Does advertising work? Of course! Would tough-minded,
bottom-line oriented businesses spend $4 million for a half minute if they were
not certain that it works?
The still more important question is this: What does advertising do to us?
Fifty-seven years
ago, in 1957, a man by the name of Vance Packard wrote a book in which he
“exposed” the hidden psychological techniques advertisers were beginning to use
to persuade people to buy stuff. Packard
describes how motivational research in the forties and fifties was used to
market to peoples’ hidden needs. Appeals
to such needs as ego gratification, power, and upward mobility, assurance of
sexual attractiveness, and assurance of worth became standard appeals employed
by the “Mad Men” marketers.
Packard warned of the dangers of exploiting these deep
seated needs. What is the morality of
“encouraging non-rational and impulsive buying?” What is the morality of “playing upon hidden
weaknesses and frailties to sell products?”

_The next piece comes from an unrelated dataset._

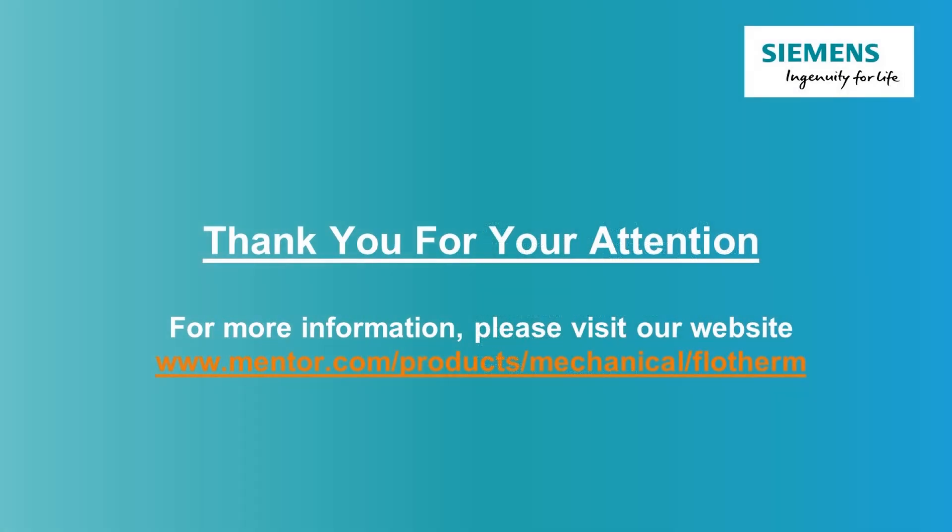More information on electrothermal simulation, including restrictions and limitations, can be found in the user documentation. Thank you for watching this video. For more information, please visit our website.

What is the morality of “manipulating the desires of small
children?” What is the morality of “exploiting
our deepest sexual sensitivities and yearnings for commercial purposes?” What is the morality of encouraging “an
attitude of wastefulness toward natural resources by encouraging the
psychological obsolescence of products already in use?”

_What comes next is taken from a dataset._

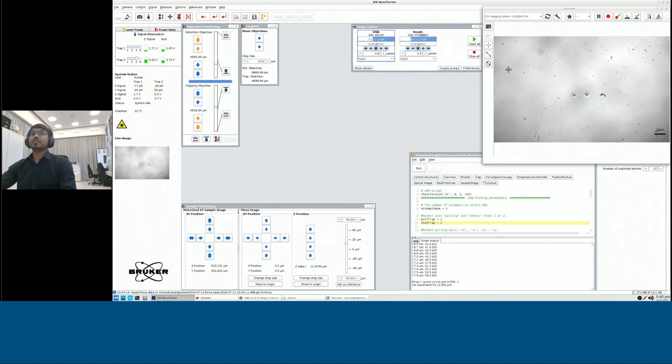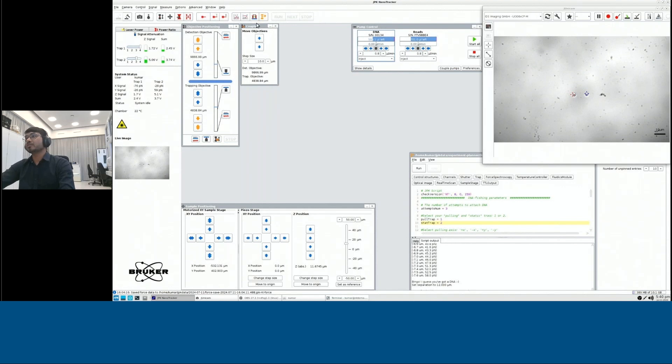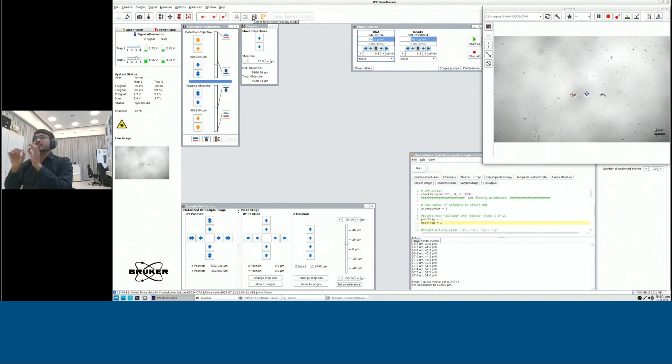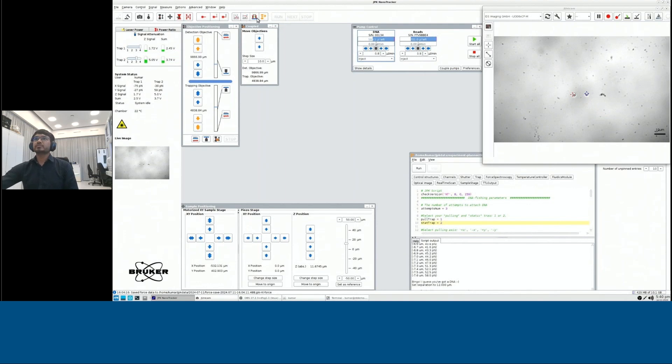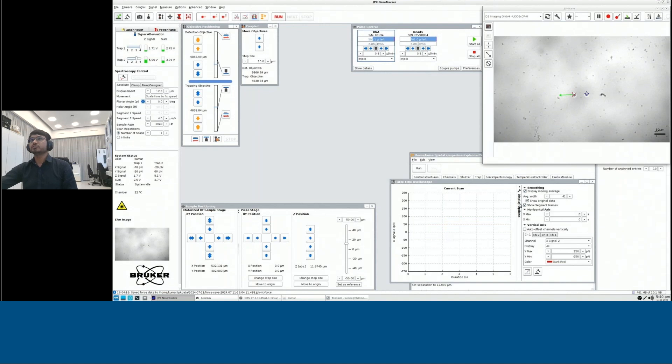Then we also have different functionality. One functionality that I would like to show is called force spectrometer because we want to stretch our DNA and then measure the forces acting on it. So the function that you have is called force spectrometer that I could show you here.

These were questions that many academics and even
advertising people were asking in the post-war boom of advertising and
consumerism. Almost nobody seems to be
asking them today. In fact, younger
generations are so accustomed to swimming in the water of consumerism that they
don’t realize it is the water that they swim in. Consumerism has become the great good thing
which brings joy to the individuals and prosperity and well-being to the
nations which consumes the most.
(Next George Will vs. Vance Packard)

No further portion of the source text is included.